Rebiya Kadeer, the well-known Uyghur democracy activist, told the committee that since July 2009, when protests took place in the capital of Xinjiang Province (which she identified as “East Turkestan”), Uyghurs have seen an intensification of human rights abuses.
She also explained how the Chinese Communist Party (CCP) had attempted to press her family in China into their service in their anti-Kadeer propaganda after she was marked an enemy of the state.
Ideas With ‘Teeth’
Committee members probed the thoughts of witnesses in a series of questions following the testimony.
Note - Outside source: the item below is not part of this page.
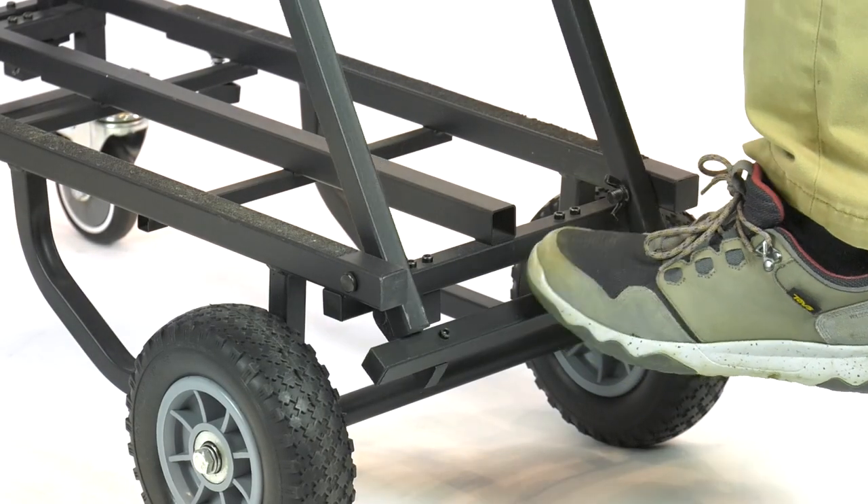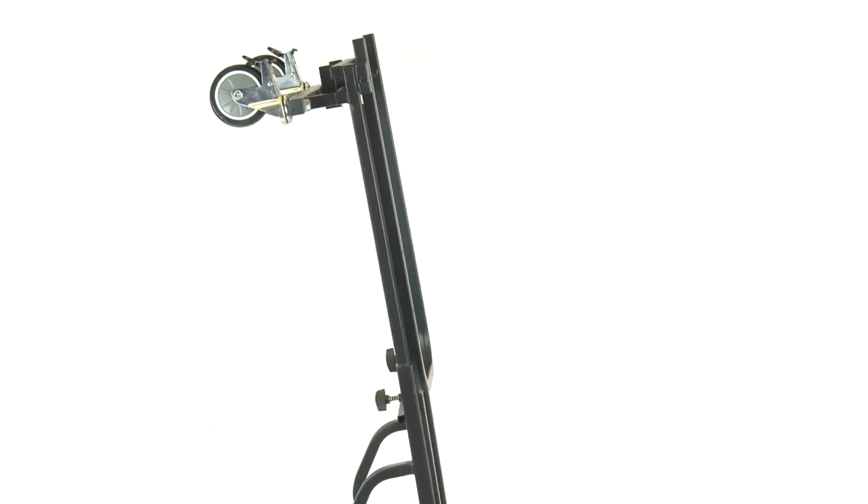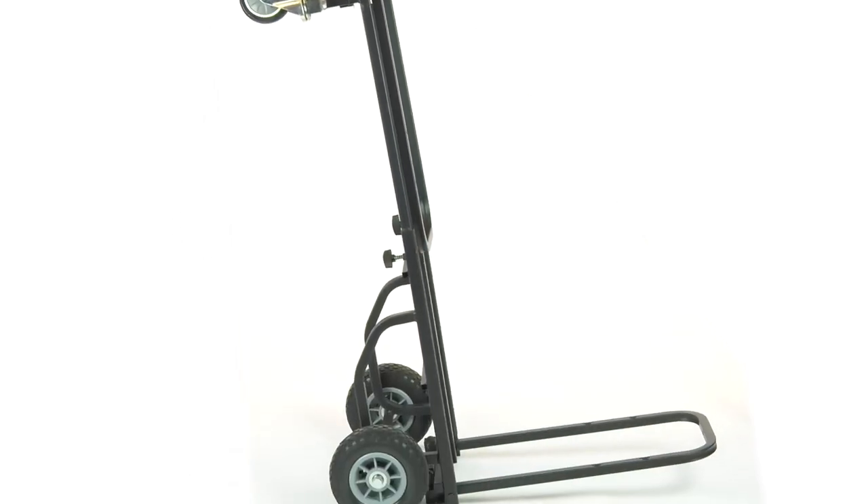The handles can be collapsed down by stepping or pushing on the release bars for ease of transport, or even to convert the cart into a dolly format.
The general sense among participants was that the United States is not doing enough to push the CCP to stop its human rights violations, and is sticking mostly to ineffectual and timid statements in private rather than the aggressive public approach that might actually have an impact.
The human rights lawyer Jared Genser is the founder of Freedom Now, a group that advocates for the release of prisoners of conscience. He offered the committee several proposals.
He suggested the preparation of a public list, for example, of all Chinese Party officials involved in torture, wrongful imprisonment, disappearances, and other crimes against international law: their activities would be listed and made available to the public, a ban would be issued on their entry to the United States, and any U.S. assets they held would be frozen.
“Just by gathering evidence from existing cases we could come up with thousands of names. That would be the first batch.” Ideas like this may have an impact because they have “teeth,” Genser said.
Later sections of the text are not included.